== Supplied data

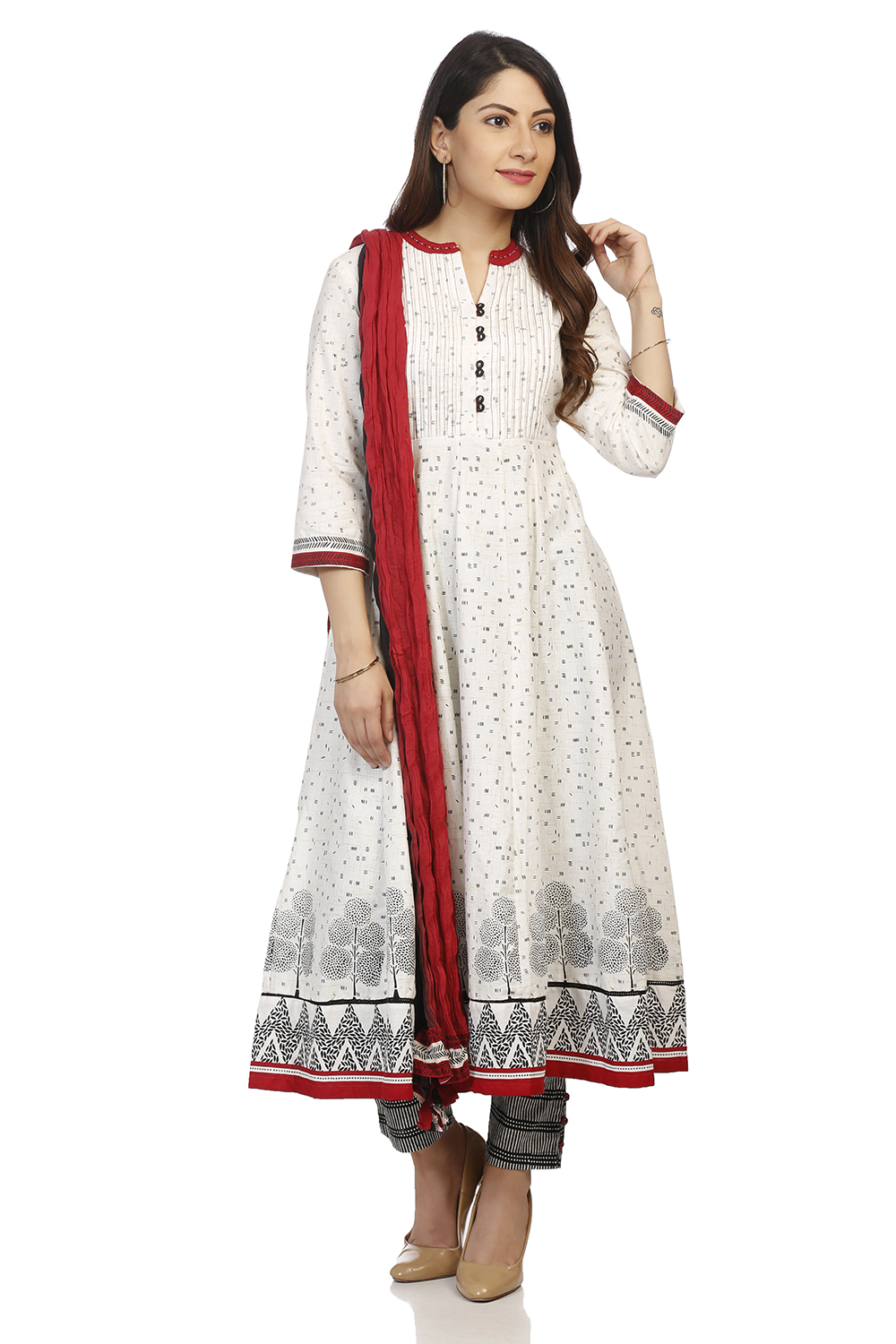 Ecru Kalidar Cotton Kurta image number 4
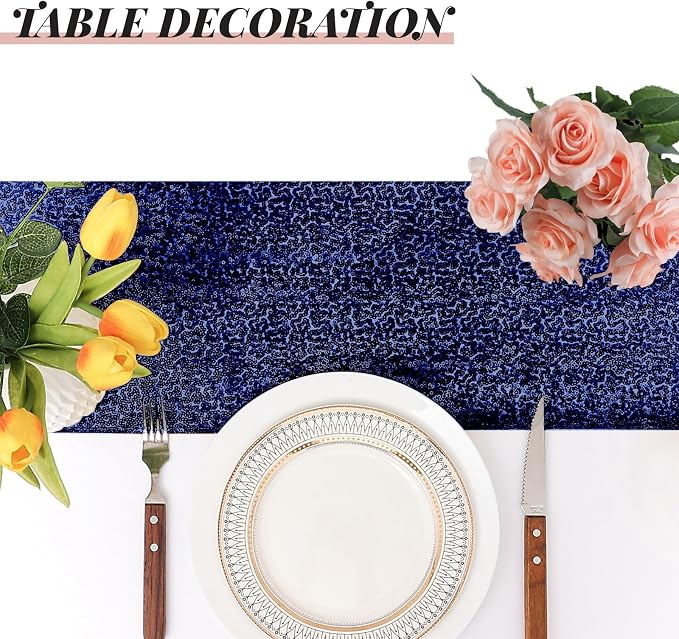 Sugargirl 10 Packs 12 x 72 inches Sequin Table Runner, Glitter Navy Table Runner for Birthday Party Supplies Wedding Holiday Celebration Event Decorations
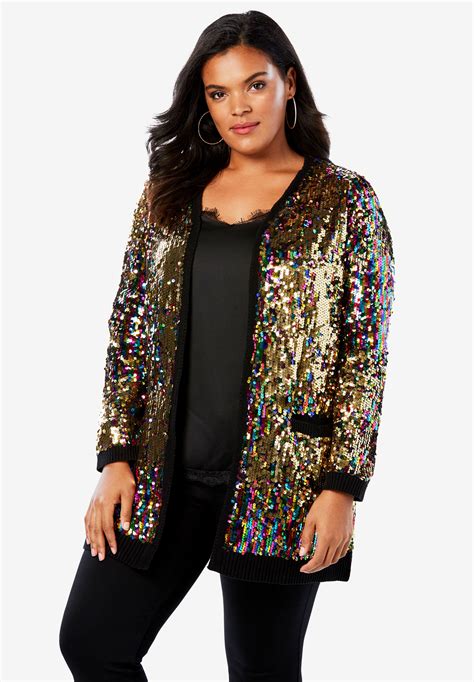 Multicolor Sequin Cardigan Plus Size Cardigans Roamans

====

Your reply should consist solely of the lines from the one containing "Sugargirl 10 Packs" through the last line of the material, reproduced exactly and without pictures.

Solution:
 Sugargirl 10 Packs 12 x 72 inches Sequin Table Runner, Glitter Navy Table Runner for Birthday Party Supplies Wedding Holiday Celebration Event Decorations
 Multicolor Sequin Cardigan Plus Size Cardigans Roamans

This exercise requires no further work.